DATASET SECTION

________________________

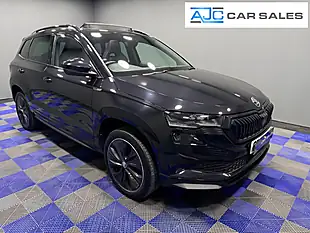 Used 2022 Skoda Karoq Sportline Black Magic Pearl Effect - Interior and Exterior details 2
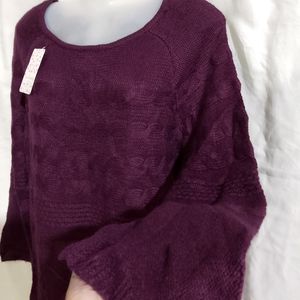 Wine Woolen Top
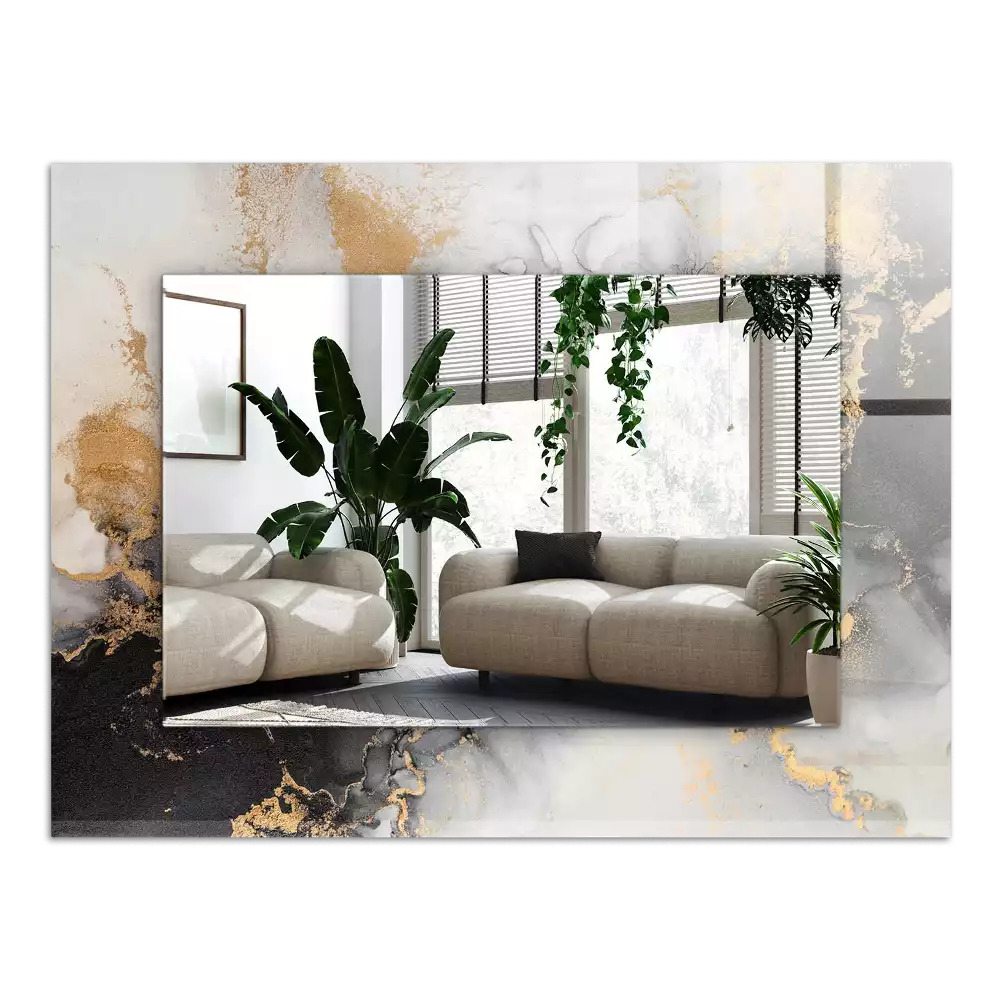 Miroir décoratif rectangulaire Art moderne abstrait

________________________

THE TASK
Only the text of the listing above should be copied, exactly and with pictures left out.

EXPECTED ANSWER
 Used 2022 Skoda Karoq Sportline Black Magic Pearl Effect - Interior and Exterior details 2
 Wine Woolen Top
 Miroir décoratif rectangulaire Art moderne abstrait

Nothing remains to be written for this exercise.